On June 30, 2014, Grenada signed a Model 1 agreement with the United States of America in relation to Foreign Account Tax Compliance Act (FATCA).
Grenada's military has two branches:
Grenada is divided into six parishes:
Carriacou and Petite Martinique, two of the Grenadines, have the status of dependency.
Grenada's economic picture is soured by a heavy external debt problem. With government debt service payments running at about 25% of total revenues in 2017, Grenada was listed 9th worst in a study of 126 developing countries. Tourist facilities are being expanded; tourism is the leading foreign exchange earner. Major short-term concerns are the rising fiscal deficit and the deterioration in the external account balance. Grenada shares a common central bank and a common currency (the East Caribbean dollar) with seven other members of the Organisation of Eastern Caribbean States (OECS).
Grenada is a globally important producer of several different spices. Most notably nutmeg and mace, of which Grenada is the world's second largest producer (after Indonesia), providing 20% of the world supply. Nutmeg is depicted on the Grenadian flag.
Coffee is also present on Grenada, but generally as wild plants and used locally.
In 2014, an annual Pure Chocolate Festival was created. Some of the activities which have taken place according to the website "Grenada Chocolate Festival" are visits to the cocoa farms which have been in existence since around 1920 and which are located in rainforests which are ecologically sensitive; "dance the cocoa" which is a traditional way to separate the skins from the seed of the cocoa; and sampling of cocoa infused cuisine which may have developed as part of the country's culture.

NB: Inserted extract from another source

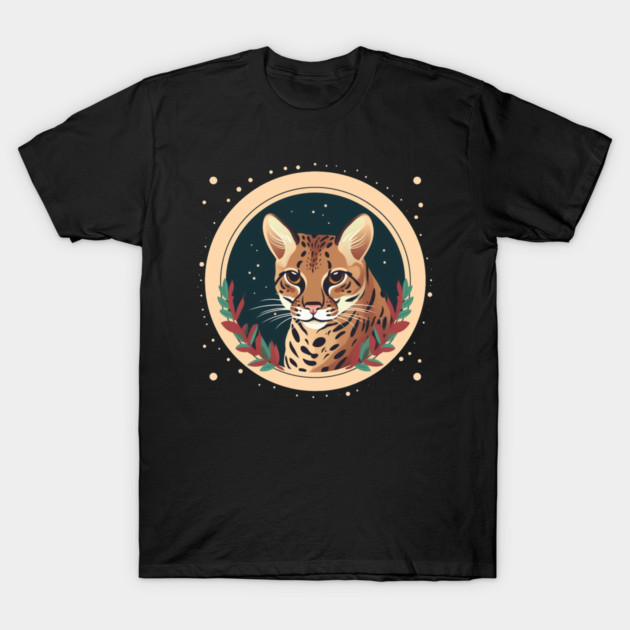 Ocelot in Ornament, Love Cats T-Shirt by logiamerch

Tourism is Grenada's main economic force. Conventional beach and water-sports tourism is largely focused in the southwest region around St George, the airport and the coastal strip. Ecotourism is growing in significance. Most small ecofriendly guesthouses are located in the Saint David and Saint John parishes. The tourism industry is increasing dramatically with the construction of a large cruise ship pier and esplanade. Up to four cruise ships per day were visiting St. Georges in 2007–2008 during the cruise ship season.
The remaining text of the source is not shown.